Poaching reduces the dispersal of tree seeds in tropical forests by animals, which adversely affects the climate regulation function of these forests. Without animals, many of these forests store less carbon over the long term. This was the main conclusion of a study by an international team of scientists, including Patrick Jansen, published in Nature Communications. Jansen refers to the creation of ‘empty forests’.

The loss of carbon storage is an indirect consequence of the loss of seed dispersal by larger animals, such as monkeys, which have fallen prey to poaching. Most of the tropical forests have many species of trees with large seeds that are dependent on such animals for dispersal. Without seed dispersal these trees have poor reproductive success.

The space left open by the large-seeded species is then occupied by small-seeded species that are dispersed by smaller animals such as birds and bats, and by species that are dispersed by wind.
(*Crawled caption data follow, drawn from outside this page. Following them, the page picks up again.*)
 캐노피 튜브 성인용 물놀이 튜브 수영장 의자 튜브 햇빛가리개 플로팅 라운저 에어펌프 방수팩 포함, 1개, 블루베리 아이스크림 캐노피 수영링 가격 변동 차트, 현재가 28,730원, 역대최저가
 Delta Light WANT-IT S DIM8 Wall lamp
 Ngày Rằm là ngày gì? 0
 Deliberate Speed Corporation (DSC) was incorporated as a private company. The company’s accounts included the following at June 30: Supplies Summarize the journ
The seed dissemination of the latter species is obviously not affected by poaching. But small-seeded species produce much smaller trees on average. Forests dominated by small-seeded species therefore have less wood volume on average and store less carbon.

“We have long predicted that the loss of animals will change the composition of tropical forests dramatically,” says Jansen. “This study shows that such a change will have a negative impact on the amount of carbon that is stored in tropical forests. That is detrimental to the international climate goals.”

The researchers compared the characteristics of ten tropical forests worldwide and calculated how the aboveground biomass would change if large-seeded, animal-dispersed tree species were gradually replaced by other species. The predicted carbon loss was as high as 12%, and occurred primarily in South America, Africa and South Asia, where the forests are dominated by large-seeded, animal-dispersed tree species. In Southeast Asia and Australia, in contrast, there were few changes; these forests are already dominated by species that are dispersed by wind.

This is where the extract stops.